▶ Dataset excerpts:
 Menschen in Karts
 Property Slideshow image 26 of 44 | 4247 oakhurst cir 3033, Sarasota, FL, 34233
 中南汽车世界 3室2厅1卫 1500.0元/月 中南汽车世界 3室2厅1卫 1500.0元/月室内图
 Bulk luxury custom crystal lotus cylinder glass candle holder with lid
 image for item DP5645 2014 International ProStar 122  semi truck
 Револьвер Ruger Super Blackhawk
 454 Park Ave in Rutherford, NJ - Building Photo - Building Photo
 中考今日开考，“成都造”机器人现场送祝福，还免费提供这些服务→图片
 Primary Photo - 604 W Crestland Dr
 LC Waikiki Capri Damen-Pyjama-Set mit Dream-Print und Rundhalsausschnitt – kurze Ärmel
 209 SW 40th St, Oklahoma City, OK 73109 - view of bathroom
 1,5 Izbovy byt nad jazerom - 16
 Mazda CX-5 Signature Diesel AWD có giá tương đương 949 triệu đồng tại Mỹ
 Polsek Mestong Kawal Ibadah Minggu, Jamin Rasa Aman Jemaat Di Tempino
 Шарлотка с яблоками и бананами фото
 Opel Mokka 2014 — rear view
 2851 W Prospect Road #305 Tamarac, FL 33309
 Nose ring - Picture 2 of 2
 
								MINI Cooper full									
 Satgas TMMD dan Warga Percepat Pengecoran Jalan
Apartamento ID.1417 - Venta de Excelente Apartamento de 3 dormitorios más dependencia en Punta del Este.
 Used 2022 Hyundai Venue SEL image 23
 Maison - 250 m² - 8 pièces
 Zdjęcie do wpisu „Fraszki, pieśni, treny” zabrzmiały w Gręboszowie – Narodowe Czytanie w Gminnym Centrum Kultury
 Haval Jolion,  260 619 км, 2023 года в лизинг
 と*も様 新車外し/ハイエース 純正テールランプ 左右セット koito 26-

▶ Exercise description:
Your task is to quote the lines above, beginning with the first and ending with the one that holds "MINI Cooper full".

▶ Response for this exercise:
 Menschen in Karts
 Property Slideshow image 26 of 44 | 4247 oakhurst cir 3033, Sarasota, FL, 34233
 中南汽车世界 3室2厅1卫 1500.0元/月 中南汽车世界 3室2厅1卫 1500.0元/月室内图
 Bulk luxury custom crystal lotus cylinder glass candle holder with lid
 image for item DP5645 2014 International ProStar 122  semi truck
 Револьвер Ruger Super Blackhawk
 454 Park Ave in Rutherford, NJ - Building Photo - Building Photo
 中考今日开考，“成都造”机器人现场送祝福，还免费提供这些服务→图片
 Primary Photo - 604 W Crestland Dr
 LC Waikiki Capri Damen-Pyjama-Set mit Dream-Print und Rundhalsausschnitt – kurze Ärmel
 209 SW 40th St, Oklahoma City, OK 73109 - view of bathroom
 1,5 Izbovy byt nad jazerom - 16
 Mazda CX-5 Signature Diesel AWD có giá tương đương 949 triệu đồng tại Mỹ
 Polsek Mestong Kawal Ibadah Minggu, Jamin Rasa Aman Jemaat Di Tempino
 Шарлотка с яблоками и бананами фото
 Opel Mokka 2014 — rear view
 2851 W Prospect Road #305 Tamarac, FL 33309
 Nose ring - Picture 2 of 2
 
								MINI Cooper full									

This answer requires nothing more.